Beyond that, the time-limited nature of the poison pill – which expires on September 19, 2023 – further suggests that Nordstrom has, in fact, put the plan in place in direct response to Liverpool’s acquisition. “If nothing happens within the year [that the pill is in place], the pill goes away,” Quinn says, asserting that pill is purely “a defense against a potential acquirer” – Liverpool here – and thus, is “not intended to be there forever.” (In the event that Liverpool goes away in nine months, for example, the pill will disappear on its own after nine months. Or, in the alternative, if Liverpool is still around upon the expiration of the pill, Nordstrom’s board can adopt a new pill.)
The time-limited nature of the Nordstrom poison pill is noteworthy, as it seems to fall in line with a larger trend in corporate governance. Institutional investors and advisory firms do not like it when companies “just have poison pills in place,” according to Quinn, as “absent any other information, pills generally signal that a company is not for sale and even if someone were to come along with a high bid, the board might say no.” As such, this has led to a rise in limited “good governance” pills that expire.
Against this background, the time limit put on the pill by Nordstrom almost certainly serves as “a message from the board to the company’s biggest institutional investors” that this is purely in response to a specific threat, per Quinn – and not a more general attempt to lock Nordstrom into the status quo on the ownership/operations front.

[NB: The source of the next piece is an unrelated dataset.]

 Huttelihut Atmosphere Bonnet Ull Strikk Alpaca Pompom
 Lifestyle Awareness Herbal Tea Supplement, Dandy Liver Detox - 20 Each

Finally, the nature of Liverpool’s filing with the U.S. Securities and Exchange Commission and Nordstrom’s response are worthy of note, with Liverpool filing a Schedule 13G form (as opposed to a Schedule 13D) just days before Nordstrom put its poison pill into place. Used to report a party’s ownership of stock that exceeds 5 percent of a company’s total stock issue, the 13G is interesting here, as it means that Liverpool is characterizing itself as a “passive investor” and disclaiming any present intent to control the company – as opposed to a party with some intent to control or influence the management of the business (such as seeking a board seat), the latter of which would call for a 13D filing.
Liverpool may be calling itself a passive investor in its filing (which could certainly change and result in an amended filing) and saying that its acquisition of a sizable block of Nordstrom stock comes in furtherance of an effort to “diversify its geographic foothold.” By putting a poison pill in place, Nordstrom is seemingly signaling that it does not believe Liverpool – and potentially for good reason. The types of parties that typically filed 13Gs are large institutional investors that have no interest in taking control of the underlying companies despite the volumes of stock they acquire. Liverpool stands out in that sense, as it is ”not an average passive investor,” just as Musk, who initially filed a 13G in connection with his stake in Twitter, is not a passive investor.
Given Liverpool’s status as an operating business in the department store industry, Nordstrom is likely right to question its current “passive investor” claim and put a plan into place in order to ensure that it cannot enact a takeover without Nordstrom’s board being able to negotiate an attractive deal for its shareholders.